The BEAM virtual machine takes the opposite view. Concurrency is not a feature to be bolted on. It is the substrate. Lightweight processes — millions of them — share a heap, communicate through immutable messages, and are scheduled preemptively across all available cores. Four MCMC chains are four processes sharing one compiled model, dispatched with a single call to Task.async_stream.
The question was whether the mathematics could be made to follow the runtime. Whether a virtual machine designed for telephone switches could be taught Hamiltonian Monte Carlo.
II. Memoranda
Every non-trivial project is a sequence of bets, and the honest thing to do is write them down.
eXMC's DECISIONS.md grew to fifty-two entries. Each records a decision, a rationale, an assumption that must hold for the decision to remain valid, and the implications if it does. Writing decisions down has the inconvenient property of making them falsifiable, which is precisely why one should do it.

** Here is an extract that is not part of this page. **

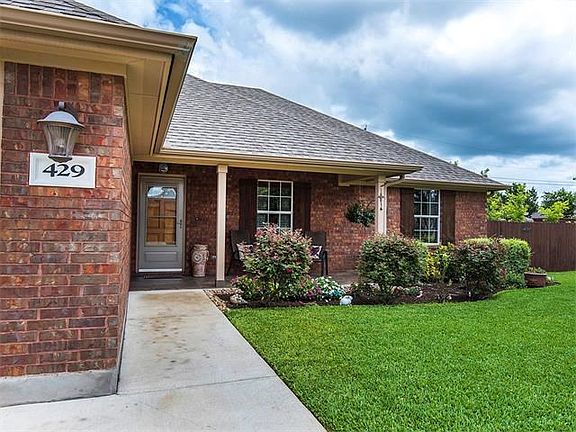A lovely covered front porch gives you a place to sit back and enjoy your new home home while getting to know neighbors. It also ensures your guests will not get wet should it be raining when they come to visit.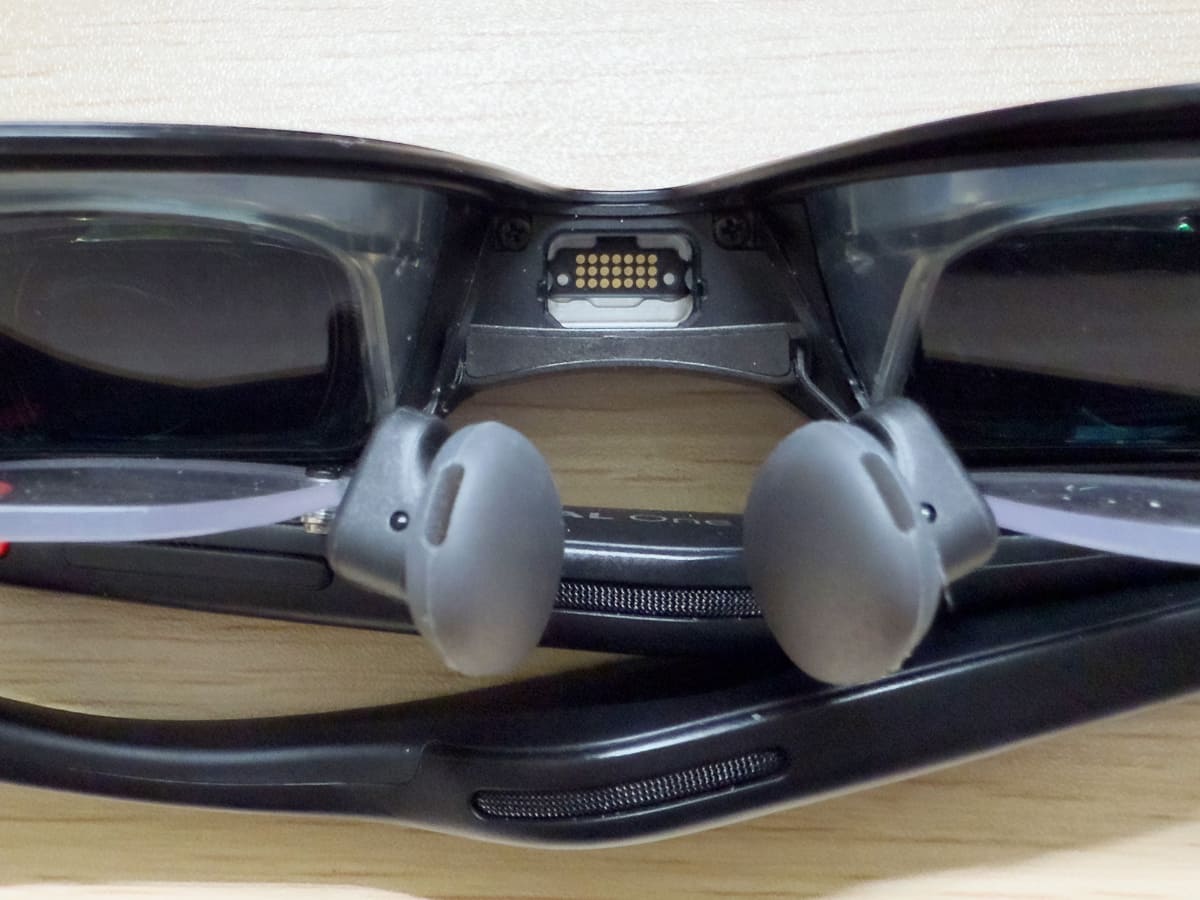 XREAL Oneの眉間のところに隠れているコネクターに取り付ける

Decision one: use Nx, Elixir's tensor library, as the numerical backbone. Decision two: represent models as a small intermediate representation before compiling them to differentiable closures. Decision four: distributions declare their own constraint transforms. The user is spared the medieval torture of manually applying Jacobian corrections.
The most instructive entry is not a decision that held, but one that didn't. Decision twelve declared that observation log-probability terms could be computed eagerly at compile time. Observed values are constants, the reasoning went, so their contribution is fixed. Elegant. Efficient. Wrong.
Decision twenty-two introduced hierarchical parameter references — string values like "mu" that point to other random variables. The observation term was no longer fixed. Decision twelve's note reads: "Partially superseded by D22." This is the most valuable sentence in the entire document. Not because it describes a failure, but because it records the failure honestly.
Fifty-two entries. Not a manifesto, but a memorandum — things that must be remembered, including the things we got wrong.
III. One Thousand Times Too Slow
The NUTS sampler requires random numbers. The natural approach in Nx is to use Nx.Random, which provides a pure functional PRNG in the style of JAX: generate a key, split it, draw from it. Deterministic, composable, beautiful.
On BinaryBackend, each call to Nx.Random.split took one second.
The operation triggered Nx's defn tracing machinery — the system that analyzes computation graphs for potential JIT compilation — which discovered there was no JIT compiler available and proceeded to interpret the operation at the speed of molasses flowing uphill in January. A sampler with six hundred iterations and five random draws per step would require approximately three thousand seconds. Nearly an hour. For a single parameter.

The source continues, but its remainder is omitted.